2025/03/06
頬かむりは許されない、カジノの宣伝を垂れ流していた〝媒体〟
芸能界、スポーツ界でオンラインカジノが蔓延している。問題が発覚した著名人の多くは、「違法と知らなかった」との説明をしているが、オンラインカジノは明らかな違法行為であり「知らなかった」では済まされない。違法とは知らなかった…理由は、一部メディアで、オンラインカジノの広告が流されているからだ。公共の電波が違法行為を宣伝するはずがないという先入観を払拭せよという方がムリだ。ニッポン放送は「有料オンラインカジノ」広告の放送実績はないが、「カジノ無料版」などのタイトルで運営されている無料オンラインゲームの広告については放送したことがあったと報告し、今後は「考査基準を厳格化して運用する」と表明している。また、スポーツ専門の有料映像配信サービス「DAZN」などでも、オンラインカジノ「ベラジョン」や「ミスティーノ」の無料版のCMを放送してきた。ニッポン放送の声明文を解説すると、違法行為の広告を行うことは問題であるが、オンラインカジノの無料版サイトは、「オンラインゲーム」に分類されており、抜け穴的に広告出稿が許容されたと言い訳している。

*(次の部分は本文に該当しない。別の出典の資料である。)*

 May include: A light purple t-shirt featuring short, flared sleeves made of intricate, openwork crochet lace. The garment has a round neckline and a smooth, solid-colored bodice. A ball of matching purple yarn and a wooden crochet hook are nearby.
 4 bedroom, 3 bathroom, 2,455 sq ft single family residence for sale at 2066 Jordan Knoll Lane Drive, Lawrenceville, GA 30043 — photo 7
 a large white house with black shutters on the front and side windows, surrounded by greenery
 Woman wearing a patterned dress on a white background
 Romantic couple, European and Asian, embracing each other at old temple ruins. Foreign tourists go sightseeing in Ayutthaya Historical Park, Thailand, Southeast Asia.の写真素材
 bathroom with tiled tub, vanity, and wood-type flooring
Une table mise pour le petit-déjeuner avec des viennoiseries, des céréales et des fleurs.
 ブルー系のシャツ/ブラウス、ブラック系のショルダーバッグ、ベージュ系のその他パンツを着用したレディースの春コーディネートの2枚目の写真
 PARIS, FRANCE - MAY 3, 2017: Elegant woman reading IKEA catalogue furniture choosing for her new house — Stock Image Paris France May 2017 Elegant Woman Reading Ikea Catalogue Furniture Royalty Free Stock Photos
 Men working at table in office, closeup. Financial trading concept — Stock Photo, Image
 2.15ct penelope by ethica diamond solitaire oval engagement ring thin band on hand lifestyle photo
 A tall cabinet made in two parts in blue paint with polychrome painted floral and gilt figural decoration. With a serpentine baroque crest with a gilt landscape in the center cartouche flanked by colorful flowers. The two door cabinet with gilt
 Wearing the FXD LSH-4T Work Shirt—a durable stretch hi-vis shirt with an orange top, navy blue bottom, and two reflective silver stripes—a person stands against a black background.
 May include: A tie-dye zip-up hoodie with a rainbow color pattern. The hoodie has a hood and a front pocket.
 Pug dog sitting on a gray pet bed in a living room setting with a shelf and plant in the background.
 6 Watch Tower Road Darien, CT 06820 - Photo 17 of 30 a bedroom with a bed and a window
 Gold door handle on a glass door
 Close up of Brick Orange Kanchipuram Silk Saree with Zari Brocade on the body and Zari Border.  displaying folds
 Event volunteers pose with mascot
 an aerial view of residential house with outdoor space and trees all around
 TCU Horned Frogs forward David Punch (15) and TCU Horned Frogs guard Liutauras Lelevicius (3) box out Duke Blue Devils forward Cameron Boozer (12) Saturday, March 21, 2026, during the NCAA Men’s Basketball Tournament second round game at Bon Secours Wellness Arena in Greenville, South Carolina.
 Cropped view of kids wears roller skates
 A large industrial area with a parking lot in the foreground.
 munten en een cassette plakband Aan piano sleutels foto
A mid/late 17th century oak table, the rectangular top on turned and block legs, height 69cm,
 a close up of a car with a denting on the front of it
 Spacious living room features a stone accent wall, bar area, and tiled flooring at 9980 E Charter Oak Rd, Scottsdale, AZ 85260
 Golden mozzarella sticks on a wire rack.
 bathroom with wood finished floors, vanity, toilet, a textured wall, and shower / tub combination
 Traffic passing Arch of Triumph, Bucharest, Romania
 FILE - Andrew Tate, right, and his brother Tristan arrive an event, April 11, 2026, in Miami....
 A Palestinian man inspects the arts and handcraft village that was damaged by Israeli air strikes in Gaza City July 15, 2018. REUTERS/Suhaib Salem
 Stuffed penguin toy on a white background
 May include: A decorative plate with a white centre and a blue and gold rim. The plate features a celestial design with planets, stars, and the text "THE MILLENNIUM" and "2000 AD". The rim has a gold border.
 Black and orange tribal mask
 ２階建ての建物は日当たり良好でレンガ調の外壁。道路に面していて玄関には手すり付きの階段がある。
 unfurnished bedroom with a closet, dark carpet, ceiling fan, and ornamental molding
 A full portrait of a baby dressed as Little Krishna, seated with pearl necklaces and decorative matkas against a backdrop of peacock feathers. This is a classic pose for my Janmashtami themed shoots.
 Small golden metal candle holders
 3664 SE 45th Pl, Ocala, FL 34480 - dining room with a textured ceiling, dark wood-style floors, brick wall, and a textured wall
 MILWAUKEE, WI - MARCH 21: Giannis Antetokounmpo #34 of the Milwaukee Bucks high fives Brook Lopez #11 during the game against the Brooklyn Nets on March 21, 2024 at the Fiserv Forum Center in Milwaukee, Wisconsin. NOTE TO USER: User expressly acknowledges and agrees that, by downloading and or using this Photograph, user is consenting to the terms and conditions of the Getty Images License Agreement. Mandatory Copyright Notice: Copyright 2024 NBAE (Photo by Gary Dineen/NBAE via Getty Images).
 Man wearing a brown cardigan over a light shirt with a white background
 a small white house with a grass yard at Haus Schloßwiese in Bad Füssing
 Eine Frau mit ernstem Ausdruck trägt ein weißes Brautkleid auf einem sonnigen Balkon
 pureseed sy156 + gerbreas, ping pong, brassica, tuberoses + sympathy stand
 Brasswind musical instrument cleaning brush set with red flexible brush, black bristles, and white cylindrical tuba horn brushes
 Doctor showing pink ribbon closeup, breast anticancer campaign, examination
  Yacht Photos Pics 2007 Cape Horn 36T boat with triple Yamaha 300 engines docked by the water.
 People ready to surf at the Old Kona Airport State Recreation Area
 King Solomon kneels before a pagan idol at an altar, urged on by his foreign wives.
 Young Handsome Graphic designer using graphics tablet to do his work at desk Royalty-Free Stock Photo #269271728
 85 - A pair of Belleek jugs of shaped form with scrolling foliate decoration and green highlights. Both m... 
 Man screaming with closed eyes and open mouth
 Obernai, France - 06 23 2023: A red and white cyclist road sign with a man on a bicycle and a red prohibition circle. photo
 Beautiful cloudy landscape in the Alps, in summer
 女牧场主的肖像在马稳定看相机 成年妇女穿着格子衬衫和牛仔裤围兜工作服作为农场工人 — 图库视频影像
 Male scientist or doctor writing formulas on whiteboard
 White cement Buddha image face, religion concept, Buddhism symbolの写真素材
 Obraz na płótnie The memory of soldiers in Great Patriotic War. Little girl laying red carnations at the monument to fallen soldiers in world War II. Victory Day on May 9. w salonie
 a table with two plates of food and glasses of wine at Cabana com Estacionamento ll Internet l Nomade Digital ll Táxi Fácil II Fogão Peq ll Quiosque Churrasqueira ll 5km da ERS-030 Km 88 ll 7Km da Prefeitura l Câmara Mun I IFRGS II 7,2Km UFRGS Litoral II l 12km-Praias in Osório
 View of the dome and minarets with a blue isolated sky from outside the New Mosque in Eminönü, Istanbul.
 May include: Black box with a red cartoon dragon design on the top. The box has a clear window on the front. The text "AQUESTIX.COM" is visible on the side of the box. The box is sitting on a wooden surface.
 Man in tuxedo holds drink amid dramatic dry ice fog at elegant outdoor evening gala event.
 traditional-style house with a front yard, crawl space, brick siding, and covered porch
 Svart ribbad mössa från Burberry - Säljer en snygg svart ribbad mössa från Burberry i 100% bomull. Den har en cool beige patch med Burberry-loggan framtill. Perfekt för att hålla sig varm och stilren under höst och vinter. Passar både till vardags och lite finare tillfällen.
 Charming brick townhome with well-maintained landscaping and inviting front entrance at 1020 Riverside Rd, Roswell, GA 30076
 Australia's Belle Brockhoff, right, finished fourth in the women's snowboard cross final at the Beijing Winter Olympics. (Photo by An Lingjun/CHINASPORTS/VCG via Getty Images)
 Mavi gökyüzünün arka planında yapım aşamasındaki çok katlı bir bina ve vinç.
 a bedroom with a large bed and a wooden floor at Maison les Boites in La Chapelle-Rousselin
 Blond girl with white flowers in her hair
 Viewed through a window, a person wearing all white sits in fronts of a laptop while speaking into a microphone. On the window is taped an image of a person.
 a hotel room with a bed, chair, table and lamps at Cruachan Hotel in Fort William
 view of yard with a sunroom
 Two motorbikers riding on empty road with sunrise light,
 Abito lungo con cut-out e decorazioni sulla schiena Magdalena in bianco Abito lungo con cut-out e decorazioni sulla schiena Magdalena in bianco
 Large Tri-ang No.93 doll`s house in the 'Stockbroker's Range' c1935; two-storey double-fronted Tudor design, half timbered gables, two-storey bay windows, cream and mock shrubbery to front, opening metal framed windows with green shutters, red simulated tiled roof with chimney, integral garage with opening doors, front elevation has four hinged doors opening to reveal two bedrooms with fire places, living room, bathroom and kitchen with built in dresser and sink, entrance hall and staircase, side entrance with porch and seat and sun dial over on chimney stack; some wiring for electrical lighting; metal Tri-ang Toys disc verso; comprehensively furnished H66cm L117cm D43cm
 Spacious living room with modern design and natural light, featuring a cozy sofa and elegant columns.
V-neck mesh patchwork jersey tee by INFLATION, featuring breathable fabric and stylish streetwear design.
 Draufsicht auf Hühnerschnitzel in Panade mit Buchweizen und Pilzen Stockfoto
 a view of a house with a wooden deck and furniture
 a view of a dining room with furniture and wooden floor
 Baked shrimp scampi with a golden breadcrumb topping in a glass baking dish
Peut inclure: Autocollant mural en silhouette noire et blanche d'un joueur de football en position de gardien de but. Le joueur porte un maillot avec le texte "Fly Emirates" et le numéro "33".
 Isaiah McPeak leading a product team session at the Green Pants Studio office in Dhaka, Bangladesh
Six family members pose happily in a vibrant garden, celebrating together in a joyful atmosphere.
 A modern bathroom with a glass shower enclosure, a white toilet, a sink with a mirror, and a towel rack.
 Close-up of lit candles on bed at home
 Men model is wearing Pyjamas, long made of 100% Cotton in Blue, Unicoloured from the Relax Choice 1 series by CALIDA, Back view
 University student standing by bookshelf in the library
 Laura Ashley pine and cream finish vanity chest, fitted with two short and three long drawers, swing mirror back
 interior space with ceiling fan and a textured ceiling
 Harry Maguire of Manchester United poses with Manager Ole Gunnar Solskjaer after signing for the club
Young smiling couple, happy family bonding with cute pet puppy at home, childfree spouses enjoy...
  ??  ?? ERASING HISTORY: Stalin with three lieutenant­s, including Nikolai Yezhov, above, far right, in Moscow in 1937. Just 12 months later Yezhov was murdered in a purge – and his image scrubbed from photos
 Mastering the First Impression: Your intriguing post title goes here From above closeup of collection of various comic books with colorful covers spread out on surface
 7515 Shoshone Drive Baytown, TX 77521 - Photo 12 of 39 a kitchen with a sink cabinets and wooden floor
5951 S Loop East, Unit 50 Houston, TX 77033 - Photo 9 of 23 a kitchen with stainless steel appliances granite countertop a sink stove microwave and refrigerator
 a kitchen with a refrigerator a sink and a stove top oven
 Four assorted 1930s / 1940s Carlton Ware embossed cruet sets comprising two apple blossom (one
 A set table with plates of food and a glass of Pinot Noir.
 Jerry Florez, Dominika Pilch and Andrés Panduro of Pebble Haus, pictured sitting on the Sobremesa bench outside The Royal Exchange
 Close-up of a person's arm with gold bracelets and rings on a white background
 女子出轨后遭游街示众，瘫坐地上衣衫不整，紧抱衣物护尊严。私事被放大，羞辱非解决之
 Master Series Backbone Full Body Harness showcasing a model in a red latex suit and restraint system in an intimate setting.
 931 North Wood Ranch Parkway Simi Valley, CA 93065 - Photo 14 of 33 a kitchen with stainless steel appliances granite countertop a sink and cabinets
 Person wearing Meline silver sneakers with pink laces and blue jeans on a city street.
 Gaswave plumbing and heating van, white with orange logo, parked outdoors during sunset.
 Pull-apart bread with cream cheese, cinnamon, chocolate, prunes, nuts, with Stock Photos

実は昨年からオンラインカジノの実況中継を行ったり、サイトへの勧誘活動を行った「YouTuber」が相次いで逮捕されている。決済に関与したり、広告・宣伝を行って違法賭博に誘い入れたりすることは、自身が賭博をしなくても「賭博幇助」などの罪に問われたわけである。翻ってメディア側の責任を追及していこう。メディア側は不都合な真実を抱えている。まず一般的にインターネット上の違法な広告を取り締まることが難しいのだ。有名人の名を騙り、SNS型投資詐欺広告を行う行為と同じ類だ。次に「オンラインカジノ無料版」の“無料”によって法規制を逃れている。ネット上の広告は、自動で入札し配信が行われることが多いため、違法な広告を取り締まるのが難しいという問題だ。
オンラインカジノ広告で最も責任を問われるのは、オンラインカジノ運営事業者だが、彼らは海外に拠点を置いており、取り締まることは難しい。ここはやはり、メディア側が考査基準を厳格化する以外にない。